Accelerating Physics-Based Simulations Using Neural Network Proxies: An Application in Oil Reservoir Modeling
This provides a significant acceleration for oil reservoir modeling, potentially aiding in optimization for the oil and gas industry, though it appears incremental as it builds on existing neural network methods for simulation acceleration.
The paper tackles the problem of accelerating oil reservoir simulations by developing a deep learning proxy model that achieves a speedup of over 2000X with an average error of about 10% compared to physics-based solvers.

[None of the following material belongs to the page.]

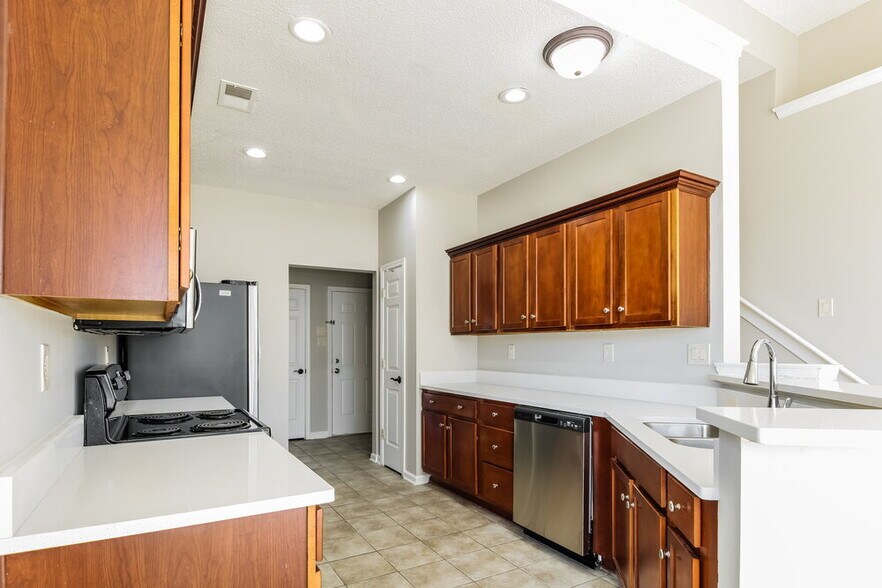 Building Photo - 1694 Farkleberry Dr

We develop a proxy model based on deep learning methods to accelerate the simulations of oil reservoirs--by three orders of magnitude--compared to industry-strength physics-based PDE solvers. This paper describes a new architectural approach to this task, accompanied by a thorough experimental evaluation on a publicly available reservoir model. We demonstrate that in a practical setting a speedup of more than 2000X can be achieved with an average sequence error of about 10\% relative to the oil-field simulator. The proxy model is contrasted with a high-quality physics-based acceleration baseline and is shown to outperform it by several orders of magnitude. We believe the outcomes presented here are extremely promising and offer a valuable benchmark for continuing research in oil field development optimization. Due to its domain-agnostic architecture, the presented approach can be extended to many applications beyond the field of oil and gas exploration.